2013 : courriels de la mandataire demandant à l’OCPM de statuer, sans succès (fév.; nov.)

2014 : courriel de la mandataire envoyé au directeur de l’OCPM (fév.), recours au TAPI pour déni de justice et retard injustifié (mars), décision négative de l’OCPM (avril), nouveau recours au TAPI (mai), recours rejeté (août), recours à la CACJ (sept.)

N.B. : Au moment de la rédaction, la Cour de Justice ne s’est pas encore prononcée sur le recours

Description du cas

« Ana », ressortissante portugaise, entre en Suisse en juin 2004 dans le but d’y travailler au titre de l’ALCP. Son autorisation de séjour L CE/AELE est renouvelée à plusieurs reprises jusqu’en juin 2007. Alors qu’elle travaille environ 25 heures par semaine conformément à son contrat à durée indéterminée, sa demande de renouvellement, déposée en mai 2007, n’est pas traitée par l’OCPM. Pourtant, au regard des directives OLCP (4.5.2), « Ana » aurait eu le droit d’être mise au bénéfice d’un permis B CE/AELE avec une durée de validité de 5 ans sur la base de ce contrat. Suite à la perte de son emploi à l’automne 2007 et toujours sans permis de séjour valable, « Ana » entre dans une période d’expectative et de précarité. Malgré son statut instable, « Ana » parvient à décrocher, entre 2008 et 2009, trois emplois, dont deux à durée indéterminée qui lui auraient à nouveau ouvert le droit au permis B si son dossier avait été traité. Elle transmet en effet à l’Office ses différentes prises d’emploi, mais l’autorité continue à ne pas donner réponse à ses demandes.

En août 2012, suite aux interventions renouvelées d’« Ana », l’OCPM se dit « dès lors prêt à régler les conditions de séjour dans les meilleurs délais possibles » tout en lui demandant la copie de sa pièce d’identité et deux photos passeport. L’envoi de ces documents n’aboutit toutefois pas à une quelconque décision de l’Office, qu’« Ana » continue à solliciter de manière répétée. Elle saisit finalement le TAPI pour déni de justice et retard injustifié en mars 2014. Le Tribunal impartit un délai de deux semaines à l’OCPM pour leur transmettre le dossier accompagné d’éventuelles observations. Deux jours avant l’échéance, les autorités refusent le renouvellement de l’autorisation de séjour d’« Ana » et prononcent son renvoi. L’argumentaire met en exergue l’inactivité d’« Ana » depuis 2009 et son recours à l’assistance publique.

En mai 2014, « Ana » fait recours contre cette décision au TAPI. En août, le Tribunal rejette le recours.
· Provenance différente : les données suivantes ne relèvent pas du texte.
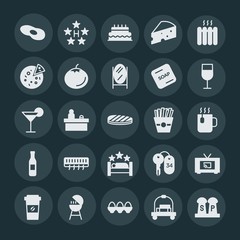 Modern Simple Set of food, hotel, drinks Vector fill Icons. ..Contains such Icons as  easter,  business,  ingredient,  meal,  office,  white and more on dark background. Fully Editable. Pixel Perfect.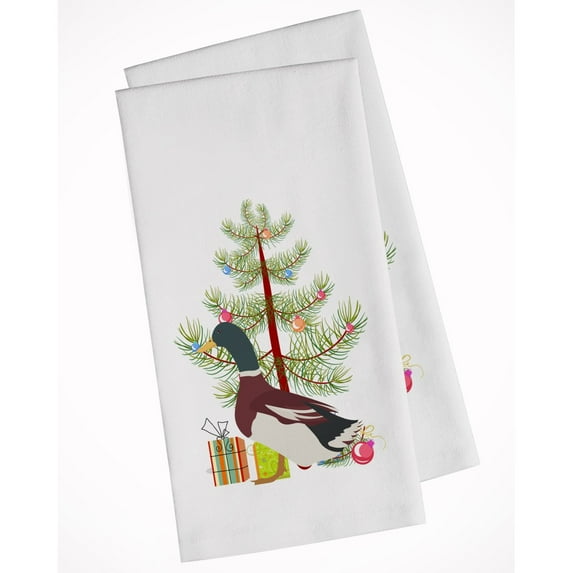 Carolines Treasures BB9223WTKT Rouen Duck Christmas White Kitchen Towel Set of 2 Dish Towels Teal 19 X 25" multicolor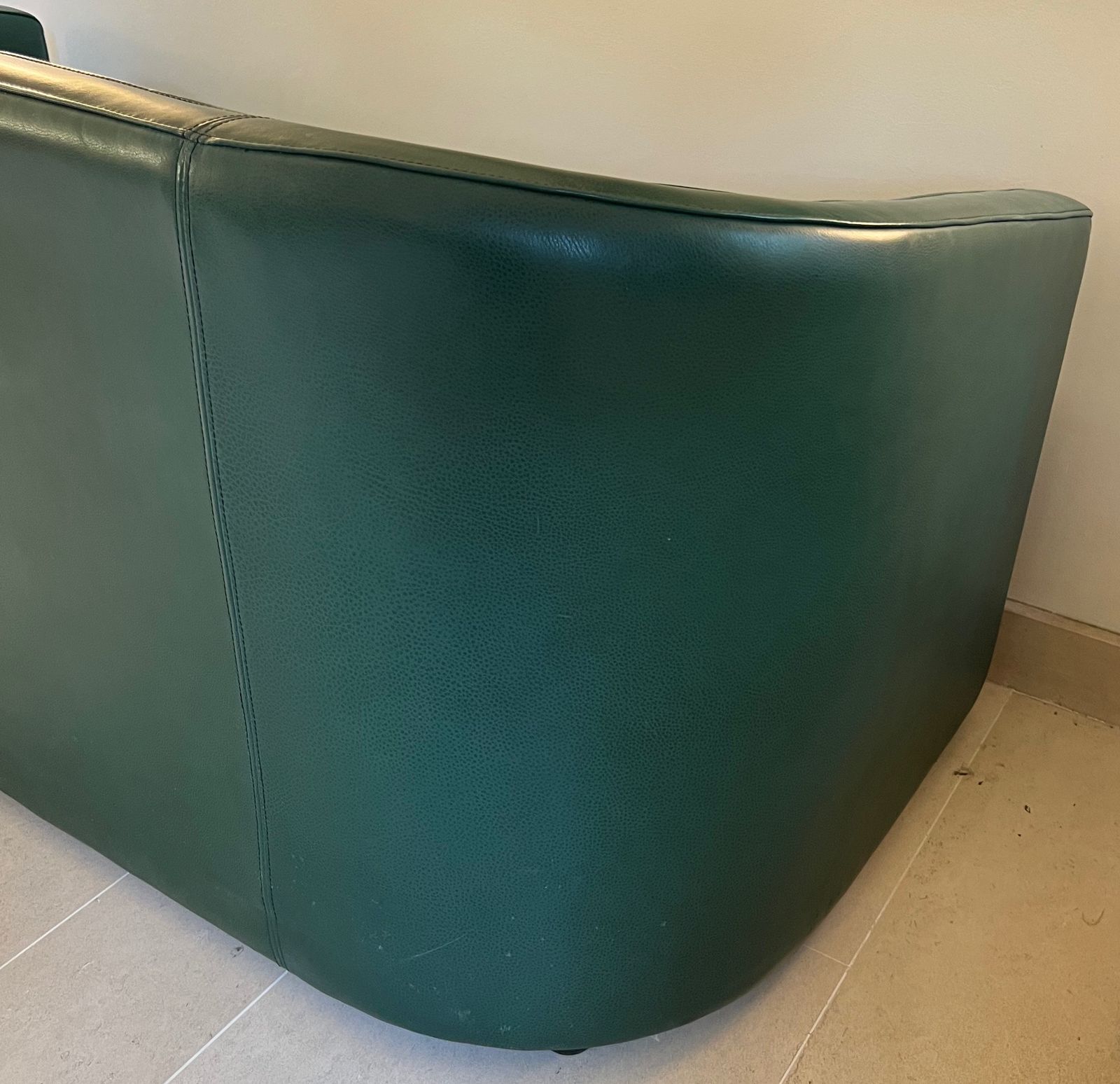 photo vinterior Three Set Green Leather Sofa Of Art Deco Style. Around 1980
Considérant uniquement la situation actuelle, les juges du TAPI estiment qu’« Ana » a perdu sa qualité de travailleuse communautaire au sens de l’art. 6 par. 1 annexe I ALCP, l’emploi sur appel qu’elle a effectué à raison d’une quarantaine d’heures durant le mois de juillet ne lui assurant pas de revenu suffisant. En outre, alors qu’« Ana » est en Suisse depuis dix ans, le Tribunal relativise ce séjour « par le fait qu’à partir de juin 2007, la recourante ne bénéficiait plus d’une autorisation de séjour et résidait au bénéfice d’une simple tolérance », passant ainsi sous silence l’absence de réponse à ses demandes répétées d’un permis ALCP depuis lors.
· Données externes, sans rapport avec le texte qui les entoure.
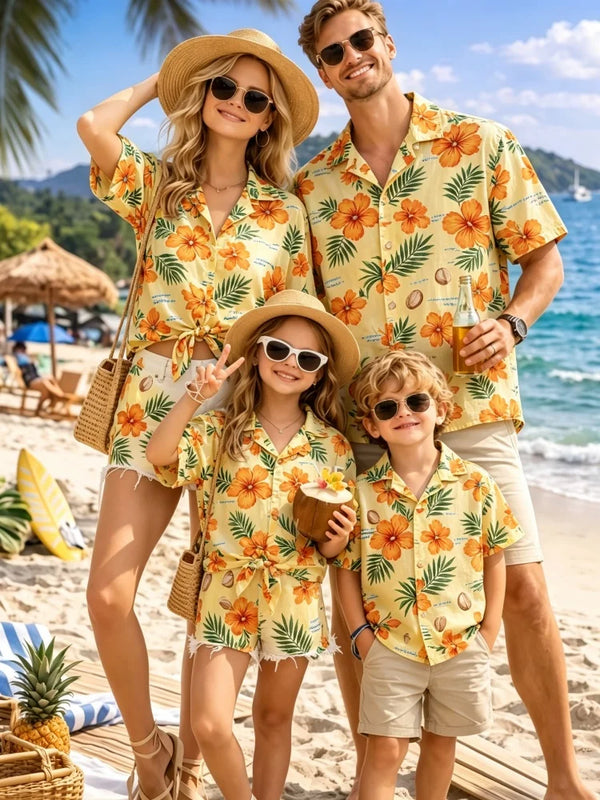 New Mother Kids Family Wear Beach Hawaiian Shirt Tropical - View 3 | SAMAG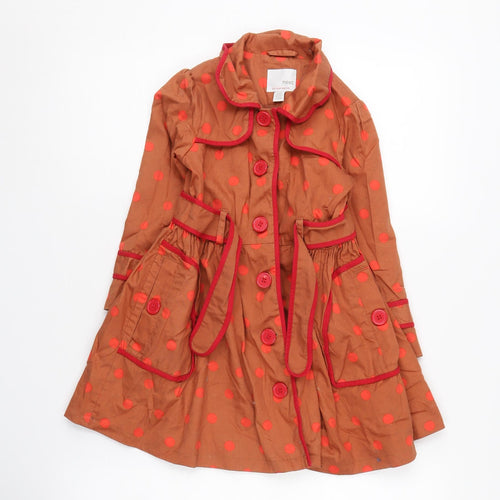 Next Girls Brown Polka Dot Trench Coat, Age 4-5 Years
Dans un nouveau recours déposé en septembre 2014 à la CACJ, « Ana » réitère que l’OCPM a violé son droit à obtenir le renouvellement de son permis ayant ainsi commis un déni de justice que le TAPI cautionne par son jugement. En ce faisant, l’Office porte également la responsabilité de sa situation précaire, y compris son recours à l’assistance publique de manière prolongée. Dès lors, sa situation n’est ni volontaire ni abusive. Par ailleurs, alors qu’elle cumule, dès le mois d’août 2014, deux emplois pour un total de 22.5 heures par semaine, « Ana » estime que ses activités doivent être considérées, au regard de la jurisprudence, comme « réelles et effectives », lui assurant sa qualité de travailleuse salariée et, ainsi, le renouvellement de son titre de séjour sous l’ALCP, même si de telles activités sont complétées le cas échéant par une aide publique (voir ATF 131 II 339 du 25 avril 2005 et directives OLCP). La décision de la CACJ est pendante.

Signalé par : CCSI Genève – novembre 2014

Sources : 1er recours au TAPI (24.03.2014), décision de l’OCPM (08.04.2014), 2e recours au TAPI (05.05.2014), décision du TAPI (26.08.2014), recours à la Cour de Justice (24.09.2014), observations de l’OCPM (23.10.2014), réplique de la mandataire (11.11.2014).